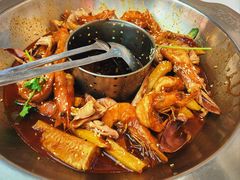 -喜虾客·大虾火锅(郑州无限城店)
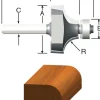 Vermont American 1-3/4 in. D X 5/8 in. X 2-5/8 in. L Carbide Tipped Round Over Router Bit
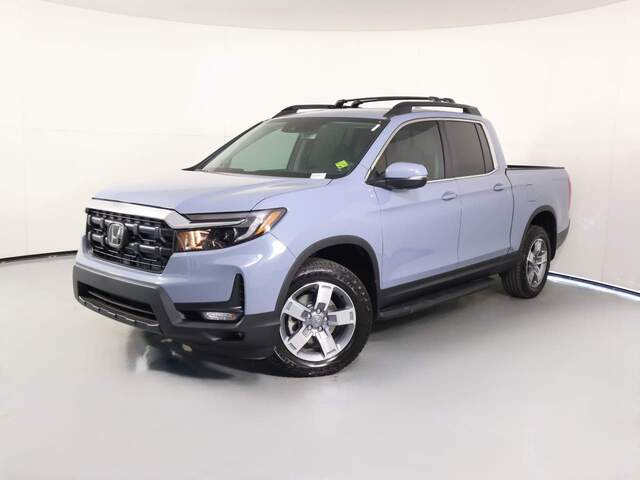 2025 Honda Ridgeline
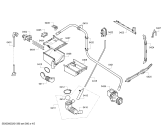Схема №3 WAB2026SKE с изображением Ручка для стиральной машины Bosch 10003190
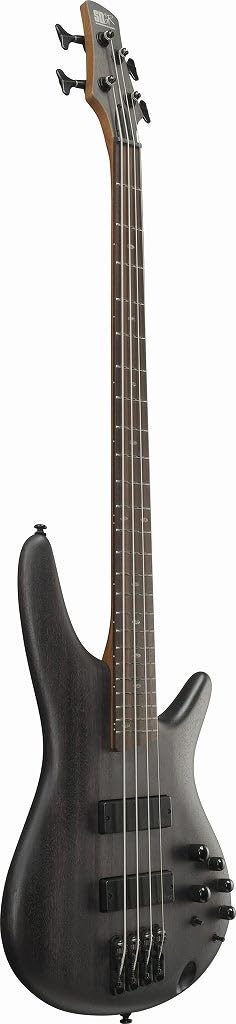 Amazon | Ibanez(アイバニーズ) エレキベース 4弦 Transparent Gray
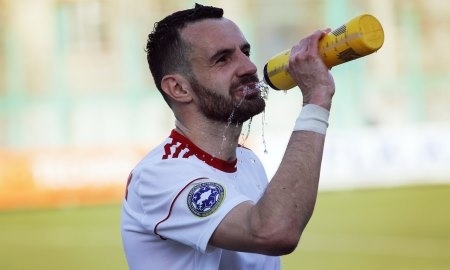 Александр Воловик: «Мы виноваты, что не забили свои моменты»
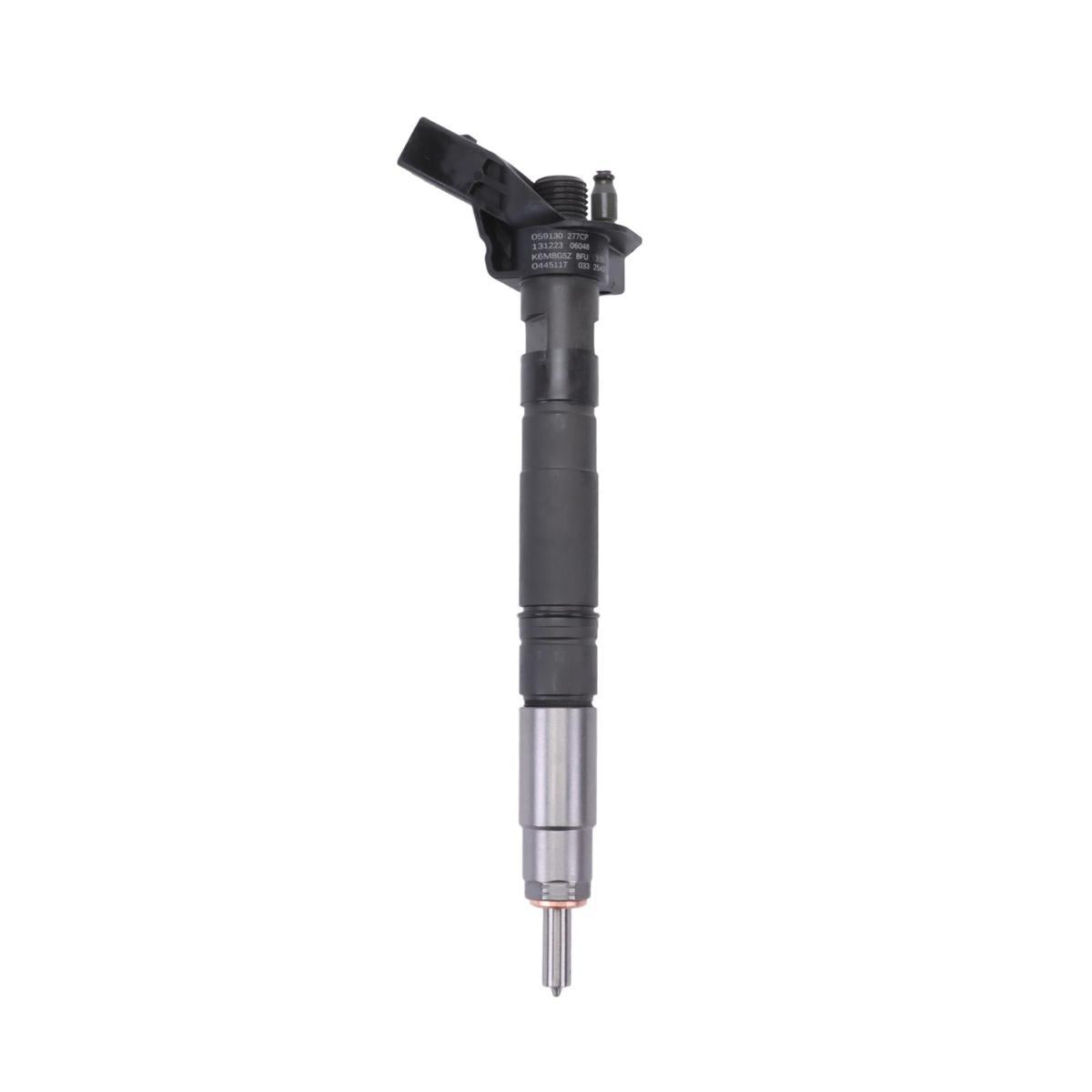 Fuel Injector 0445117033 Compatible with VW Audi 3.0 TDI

....

# [What to produce]
Each line from the line containing "2025 Honda Ridgeline" through the final line of the data above must be retyped exactly; nothing else, and no pictures, may appear.

# [Result below]
 2025 Honda Ridgeline
Схема №3 WAB2026SKE с изображением Ручка для стиральной машины Bosch 10003190
 Amazon | Ibanez(アイバニーズ) エレキベース 4弦 Transparent Gray
 Александр Воловик: «Мы виноваты, что не забили свои моменты»
 Fuel Injector 0445117033 Compatible with VW Audi 3.0 TDI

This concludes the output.